Mahmut, Ahmet ve Mehmet ellerinde kalan saçları sırayla kapı önündeki çöpe atarak

ilerlediler. Zeynep olduğu yerde bitkin düşmüştü. Saçının yarısından fazlası ellerinde kalmıştı.

Kel kalan, kanayan yeri elledi. Oturduğu yerde hıçkıra hıçkıra ağladı. Sesini duyan kimse

olmamıştı. Bahçede bir tek o vardı. Bir de incir ağacı. Dökülen kana baktı. Sonra çöpün

ucundan gözüken saçlarına… Böyle yaşanamazdı. Dizlerinin üzerine oturdu ve göğe baktı.

“Hani her şeye gücün yeterdi senin? Hani bir sen olsan yeterdi? Nerdesin sen,

nerdeee?” diye bağırdı. Boşunaydı. Tüm haykırışı boşluğaydı. Artık öyle düşünüyordu.
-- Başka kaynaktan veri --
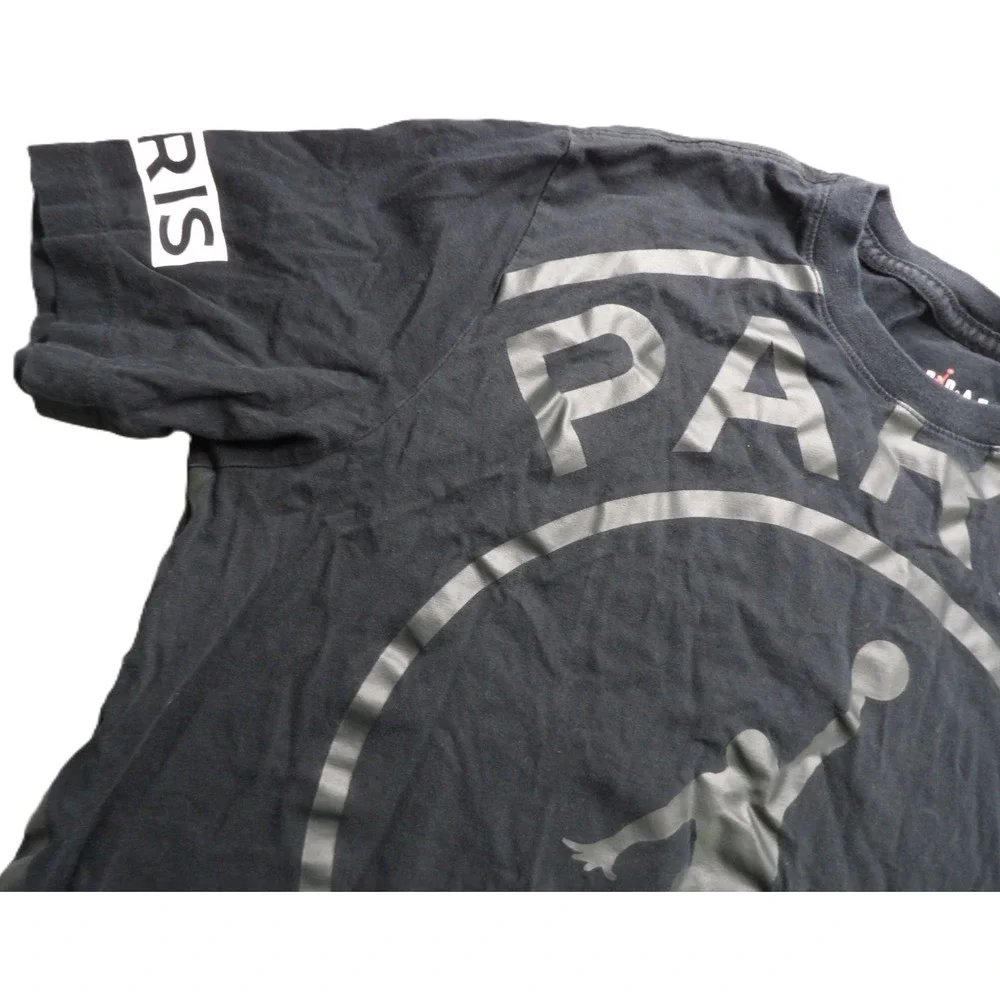 Jordan PSG Paris Saint Germain Jumpman Shirt Cotton Men L Black Graphic Tee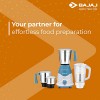 Bajaj Rex DLX Mixer Grinder 750W Mixie For Kitchen With Nutri-Pro Feature 4 Stainless Steel Mixer Jar White Blue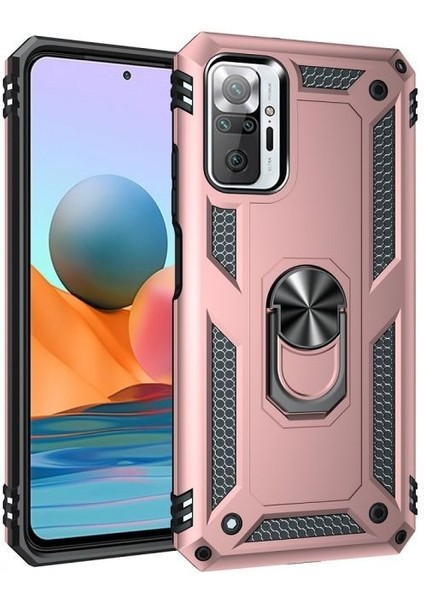 Xiaomi Redmi Note 10 Pro Kılıf Vega Tank Standlı Yüzüklü Mıknatıslı Bronz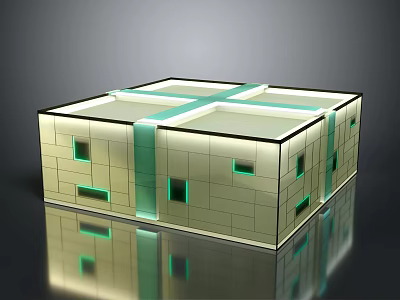 Modern Commercial Complex With Glass Facade And Stone Walls And Contemporary Lighting Design 3d model
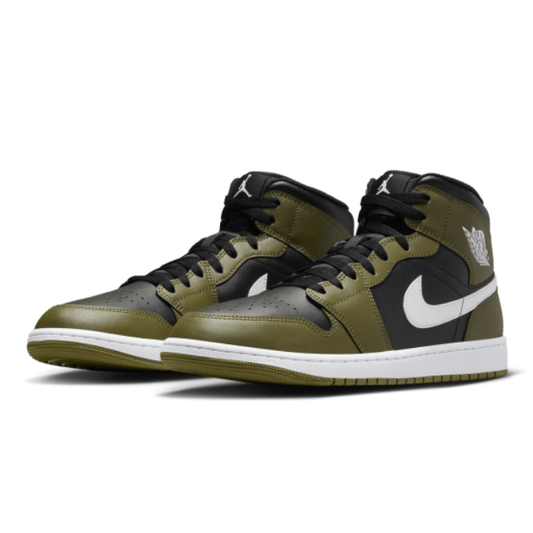 Air Jordan 1 Mid Black White Olive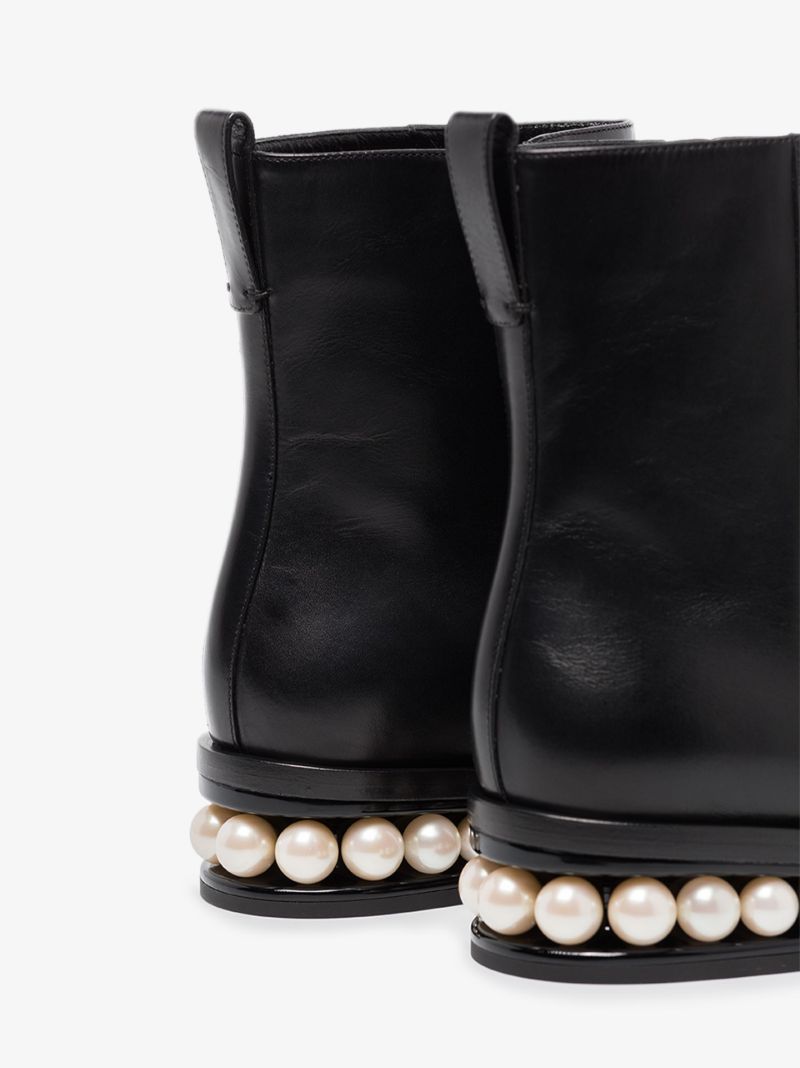Black Casati 30 Leather Pearl Heel Boots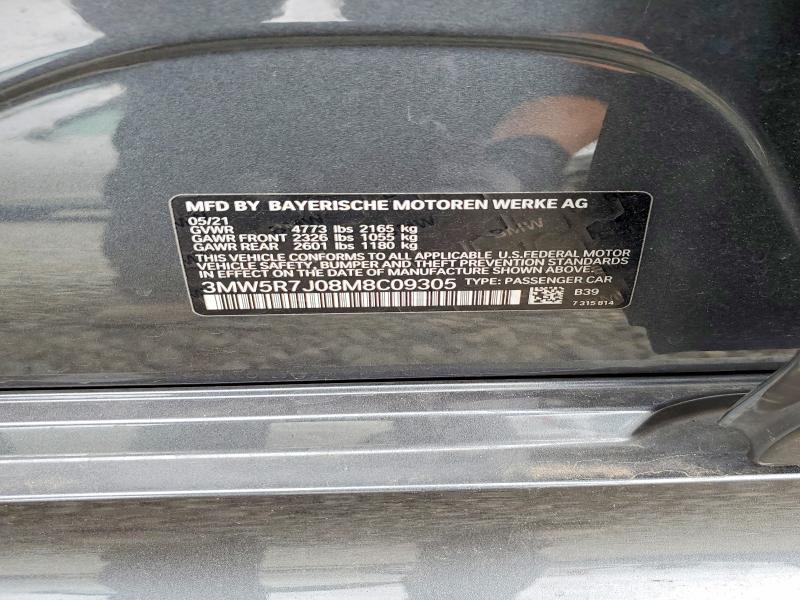 Продажа на аукционе авто 2021 Bmw 330xi, vin: 3MW5R7J08M8C09305, номер лота: 58931286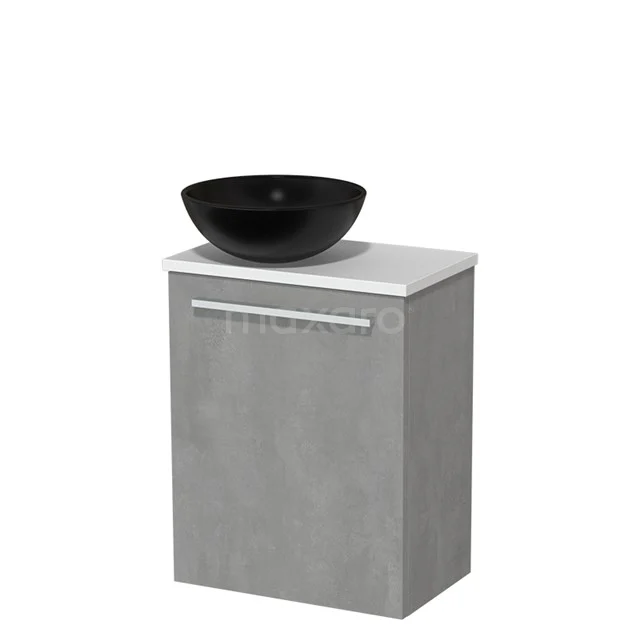 Toilet unit with wash basin | 41 cm Light grey concrete Flat front Matte black Ceramic countertop wash basin Matte white fronts TMK10-03424
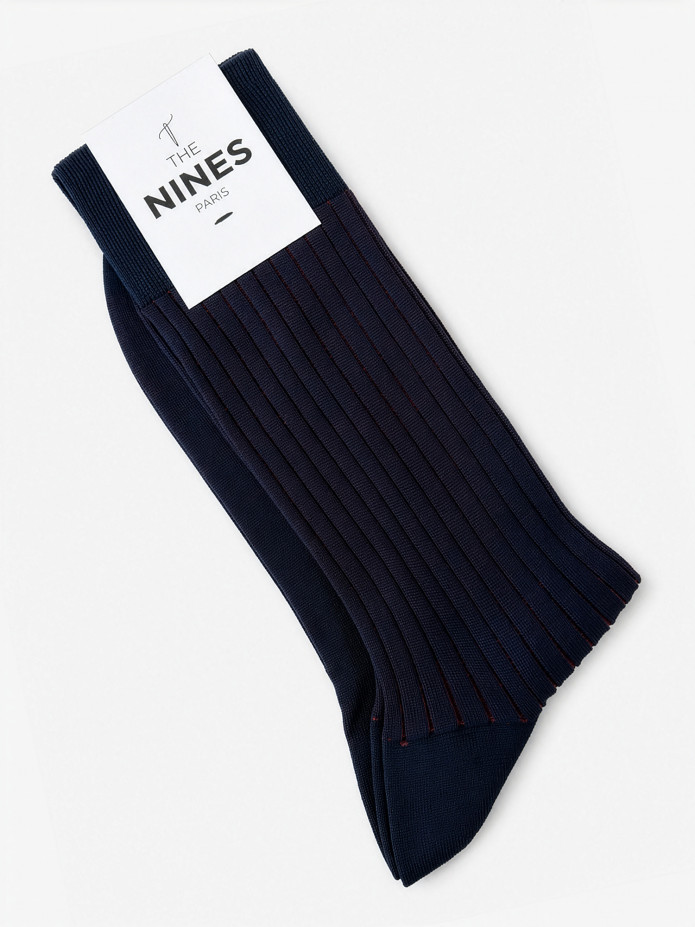 Calcetines hilo de Escocia rayados azul marino y burdeos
Kalan

bir avuç inancını da bu sözlerle kalbinden söküp atmıştı. Ayağa kalktı, kapıya doğru yürüdü.

Merdivenleri düşe kalka son kata kadar çıktı. Titreyen elleriyle çatının kapısını açtı. Rüzgâr
vardı. Yalpaladı. Yürümeye devam etti. Duvarın dibinde durdu. Bir ağlama sesi duydu.

Yukarı baktı. Hilal. Aşağı baktı. Toprak. Sonra incir ağacı.